How to complete this task:
Please give back every entry in full, word for word, but none of the pictures.

• • • • •

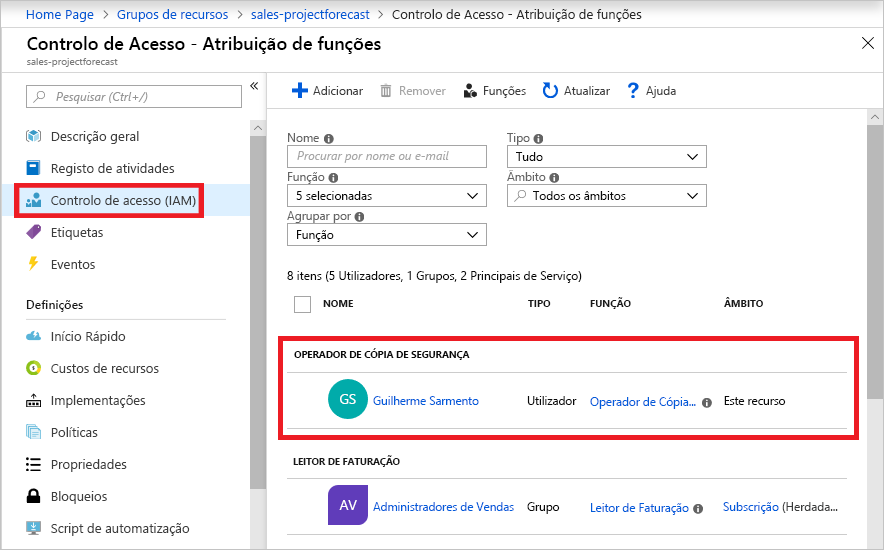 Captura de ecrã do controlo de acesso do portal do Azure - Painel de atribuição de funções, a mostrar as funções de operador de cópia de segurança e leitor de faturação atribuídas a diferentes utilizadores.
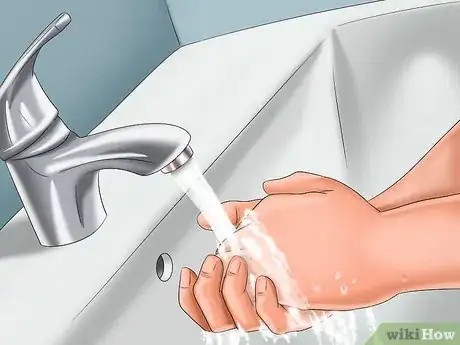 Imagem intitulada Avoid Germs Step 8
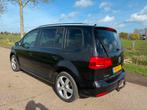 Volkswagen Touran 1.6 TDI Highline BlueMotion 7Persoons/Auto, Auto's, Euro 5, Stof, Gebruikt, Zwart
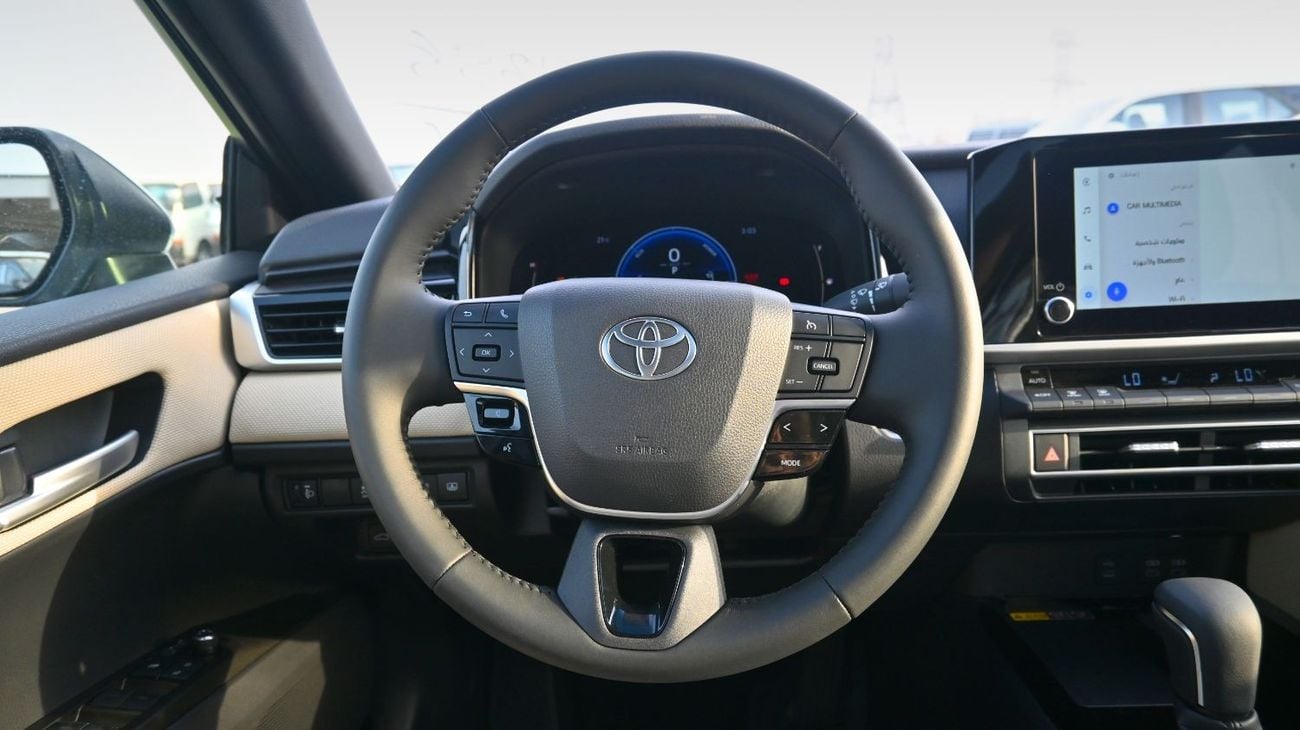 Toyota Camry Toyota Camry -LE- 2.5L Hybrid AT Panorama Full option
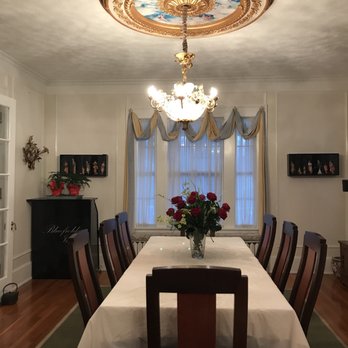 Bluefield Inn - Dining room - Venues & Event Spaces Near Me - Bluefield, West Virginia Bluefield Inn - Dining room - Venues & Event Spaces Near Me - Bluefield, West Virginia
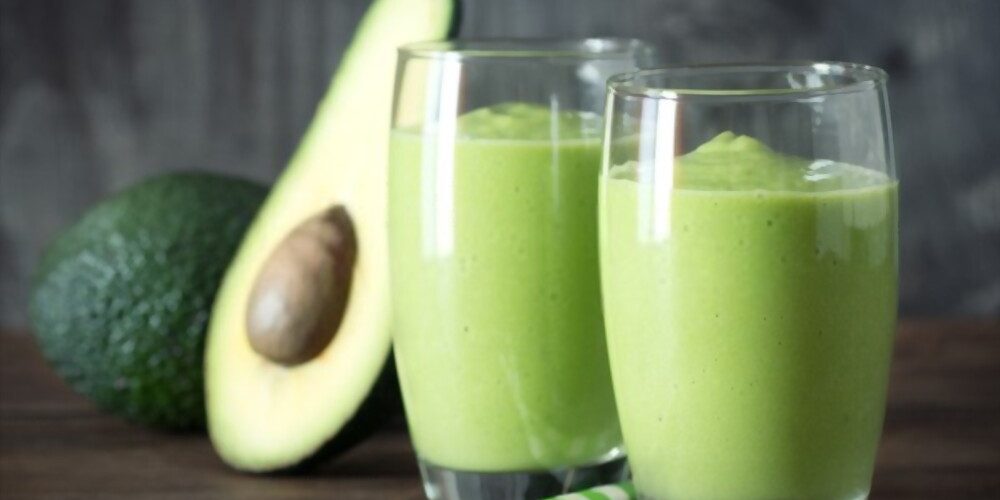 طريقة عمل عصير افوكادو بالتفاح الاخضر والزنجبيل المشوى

• • • • •

Task result:
 Captura de ecrã do controlo de acesso do portal do Azure - Painel de atribuição de funções, a mostrar as funções de operador de cópia de segurança e leitor de faturação atribuídas a diferentes utilizadores.
 Imagem intitulada Avoid Germs Step 8
 Volkswagen Touran 1.6 TDI Highline BlueMotion 7Persoons/Auto, Auto's, Euro 5, Stof, Gebruikt, Zwart
 Toyota Camry Toyota Camry -LE- 2.5L Hybrid AT Panorama Full option
 Bluefield Inn - Dining room - Venues & Event Spaces Near Me - Bluefield, West Virginia Bluefield Inn - Dining room - Venues & Event Spaces Near Me - Bluefield, West Virginia
 طريقة عمل عصير افوكادو بالتفاح الاخضر والزنجبيل المشوى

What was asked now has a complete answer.